Action item —
Output, without alteration, the first line of the entries and each line after it, stopping with the line that contains "Jeep Renegade 1.5 Turbo T4 MHEV Summit".

Dataset entries —









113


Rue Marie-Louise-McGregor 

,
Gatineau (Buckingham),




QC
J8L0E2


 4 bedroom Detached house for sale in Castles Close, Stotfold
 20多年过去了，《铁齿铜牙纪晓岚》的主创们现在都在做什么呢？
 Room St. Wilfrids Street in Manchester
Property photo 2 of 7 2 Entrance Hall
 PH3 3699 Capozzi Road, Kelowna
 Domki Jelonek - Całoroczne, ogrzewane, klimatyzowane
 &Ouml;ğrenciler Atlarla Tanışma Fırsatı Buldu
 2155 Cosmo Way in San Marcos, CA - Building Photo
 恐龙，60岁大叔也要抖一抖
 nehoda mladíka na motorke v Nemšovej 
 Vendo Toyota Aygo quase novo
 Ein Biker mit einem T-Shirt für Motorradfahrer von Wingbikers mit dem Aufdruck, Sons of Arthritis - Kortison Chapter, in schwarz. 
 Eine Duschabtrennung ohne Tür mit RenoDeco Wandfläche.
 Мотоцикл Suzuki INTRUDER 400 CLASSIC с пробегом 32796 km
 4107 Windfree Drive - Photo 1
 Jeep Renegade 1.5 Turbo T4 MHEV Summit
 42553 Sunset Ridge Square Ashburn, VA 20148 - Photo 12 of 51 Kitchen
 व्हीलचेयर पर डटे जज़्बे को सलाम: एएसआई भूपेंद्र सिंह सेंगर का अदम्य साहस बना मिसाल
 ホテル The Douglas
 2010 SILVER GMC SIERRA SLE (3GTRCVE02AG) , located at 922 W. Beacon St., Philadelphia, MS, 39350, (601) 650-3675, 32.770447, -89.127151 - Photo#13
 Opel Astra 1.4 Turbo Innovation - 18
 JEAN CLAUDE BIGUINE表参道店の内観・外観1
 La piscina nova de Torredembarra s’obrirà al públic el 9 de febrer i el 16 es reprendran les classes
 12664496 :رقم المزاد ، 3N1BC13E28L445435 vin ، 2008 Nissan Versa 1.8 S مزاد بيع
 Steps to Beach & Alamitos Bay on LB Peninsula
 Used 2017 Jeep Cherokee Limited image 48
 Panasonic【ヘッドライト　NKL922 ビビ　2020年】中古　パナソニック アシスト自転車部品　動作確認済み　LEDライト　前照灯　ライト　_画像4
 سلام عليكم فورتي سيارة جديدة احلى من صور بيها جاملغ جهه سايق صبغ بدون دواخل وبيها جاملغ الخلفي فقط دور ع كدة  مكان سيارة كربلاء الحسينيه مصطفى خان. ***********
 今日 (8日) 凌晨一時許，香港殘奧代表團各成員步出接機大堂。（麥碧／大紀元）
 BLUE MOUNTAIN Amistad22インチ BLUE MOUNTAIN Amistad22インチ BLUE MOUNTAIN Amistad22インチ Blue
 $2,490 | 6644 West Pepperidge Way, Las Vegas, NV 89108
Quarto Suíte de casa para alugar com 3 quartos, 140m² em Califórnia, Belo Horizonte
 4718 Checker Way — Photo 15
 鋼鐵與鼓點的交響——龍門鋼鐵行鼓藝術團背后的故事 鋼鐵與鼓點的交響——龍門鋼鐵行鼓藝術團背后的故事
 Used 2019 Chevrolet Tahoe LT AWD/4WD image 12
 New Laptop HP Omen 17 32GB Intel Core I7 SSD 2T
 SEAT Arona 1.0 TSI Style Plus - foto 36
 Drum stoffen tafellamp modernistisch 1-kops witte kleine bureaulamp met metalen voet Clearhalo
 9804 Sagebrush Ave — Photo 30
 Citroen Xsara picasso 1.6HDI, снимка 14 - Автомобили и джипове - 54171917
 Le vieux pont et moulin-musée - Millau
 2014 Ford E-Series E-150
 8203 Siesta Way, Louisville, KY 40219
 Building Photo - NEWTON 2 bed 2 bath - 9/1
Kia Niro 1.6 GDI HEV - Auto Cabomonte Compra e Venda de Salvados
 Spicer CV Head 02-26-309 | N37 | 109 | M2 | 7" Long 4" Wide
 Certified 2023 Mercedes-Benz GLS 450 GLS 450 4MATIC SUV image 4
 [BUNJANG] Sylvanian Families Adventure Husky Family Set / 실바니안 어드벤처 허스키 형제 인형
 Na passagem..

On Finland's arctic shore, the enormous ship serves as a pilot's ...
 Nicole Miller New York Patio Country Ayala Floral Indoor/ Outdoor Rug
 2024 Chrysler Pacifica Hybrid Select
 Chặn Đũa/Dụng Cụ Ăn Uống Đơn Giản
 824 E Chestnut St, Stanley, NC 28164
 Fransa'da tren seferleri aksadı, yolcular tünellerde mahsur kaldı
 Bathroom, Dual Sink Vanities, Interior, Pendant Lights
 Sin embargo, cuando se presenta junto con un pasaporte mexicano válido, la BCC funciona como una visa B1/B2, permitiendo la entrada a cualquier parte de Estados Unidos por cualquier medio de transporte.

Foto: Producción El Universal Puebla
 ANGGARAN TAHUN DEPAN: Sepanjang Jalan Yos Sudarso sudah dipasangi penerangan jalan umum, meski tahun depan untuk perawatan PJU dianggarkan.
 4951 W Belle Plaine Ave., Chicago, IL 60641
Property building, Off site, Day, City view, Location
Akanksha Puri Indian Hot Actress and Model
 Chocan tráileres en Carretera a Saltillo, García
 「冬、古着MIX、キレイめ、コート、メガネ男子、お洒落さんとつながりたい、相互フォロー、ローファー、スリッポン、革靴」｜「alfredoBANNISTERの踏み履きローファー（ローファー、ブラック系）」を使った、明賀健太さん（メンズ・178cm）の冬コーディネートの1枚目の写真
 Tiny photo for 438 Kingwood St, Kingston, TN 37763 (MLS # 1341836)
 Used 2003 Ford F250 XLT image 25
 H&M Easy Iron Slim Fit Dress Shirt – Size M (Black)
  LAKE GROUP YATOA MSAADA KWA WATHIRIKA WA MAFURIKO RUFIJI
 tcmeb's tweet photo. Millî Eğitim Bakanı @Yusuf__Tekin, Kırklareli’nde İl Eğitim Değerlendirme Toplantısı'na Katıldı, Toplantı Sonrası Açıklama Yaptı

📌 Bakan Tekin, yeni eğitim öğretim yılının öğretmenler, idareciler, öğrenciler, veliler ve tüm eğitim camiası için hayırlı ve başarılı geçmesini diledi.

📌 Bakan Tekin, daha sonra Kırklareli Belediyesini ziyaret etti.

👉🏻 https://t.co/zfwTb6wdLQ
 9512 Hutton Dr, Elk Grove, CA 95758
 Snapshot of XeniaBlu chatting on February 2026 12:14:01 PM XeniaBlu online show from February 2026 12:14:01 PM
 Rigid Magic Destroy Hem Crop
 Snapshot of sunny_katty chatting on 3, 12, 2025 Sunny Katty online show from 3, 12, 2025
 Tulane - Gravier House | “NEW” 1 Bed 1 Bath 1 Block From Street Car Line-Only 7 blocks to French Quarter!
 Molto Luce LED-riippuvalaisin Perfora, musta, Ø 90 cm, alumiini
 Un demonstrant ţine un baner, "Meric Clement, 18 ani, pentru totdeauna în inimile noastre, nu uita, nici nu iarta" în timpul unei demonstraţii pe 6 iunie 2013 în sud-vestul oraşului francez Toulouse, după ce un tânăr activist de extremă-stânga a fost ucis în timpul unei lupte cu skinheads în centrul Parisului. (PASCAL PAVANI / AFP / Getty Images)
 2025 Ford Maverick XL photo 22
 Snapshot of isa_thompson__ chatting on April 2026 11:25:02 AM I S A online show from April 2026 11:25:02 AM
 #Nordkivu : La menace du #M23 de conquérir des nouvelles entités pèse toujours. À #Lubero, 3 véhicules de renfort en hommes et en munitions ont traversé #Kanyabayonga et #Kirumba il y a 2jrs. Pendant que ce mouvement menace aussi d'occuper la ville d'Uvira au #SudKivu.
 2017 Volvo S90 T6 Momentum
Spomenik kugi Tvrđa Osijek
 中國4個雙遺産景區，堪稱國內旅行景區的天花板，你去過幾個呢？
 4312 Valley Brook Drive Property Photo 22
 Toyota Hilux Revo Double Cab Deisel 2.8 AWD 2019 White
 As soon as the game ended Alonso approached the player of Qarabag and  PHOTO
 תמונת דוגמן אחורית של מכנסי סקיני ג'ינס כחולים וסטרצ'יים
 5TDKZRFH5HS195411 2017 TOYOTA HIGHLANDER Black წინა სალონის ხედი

Solution for this task —
113


Rue Marie-Louise-McGregor 

,
Gatineau (Buckingham),




QC
J8L0E2


 4 bedroom Detached house for sale in Castles Close, Stotfold
 20多年过去了，《铁齿铜牙纪晓岚》的主创们现在都在做什么呢？
 Room St. Wilfrids Street in Manchester
Property photo 2 of 7 2 Entrance Hall
 PH3 3699 Capozzi Road, Kelowna
 Domki Jelonek - Całoroczne, ogrzewane, klimatyzowane
 &Ouml;ğrenciler Atlarla Tanışma Fırsatı Buldu
 2155 Cosmo Way in San Marcos, CA - Building Photo
 恐龙，60岁大叔也要抖一抖
 nehoda mladíka na motorke v Nemšovej 
 Vendo Toyota Aygo quase novo
 Ein Biker mit einem T-Shirt für Motorradfahrer von Wingbikers mit dem Aufdruck, Sons of Arthritis - Kortison Chapter, in schwarz. 
 Eine Duschabtrennung ohne Tür mit RenoDeco Wandfläche.
 Мотоцикл Suzuki INTRUDER 400 CLASSIC с пробегом 32796 km
 4107 Windfree Drive - Photo 1
 Jeep Renegade 1.5 Turbo T4 MHEV Summit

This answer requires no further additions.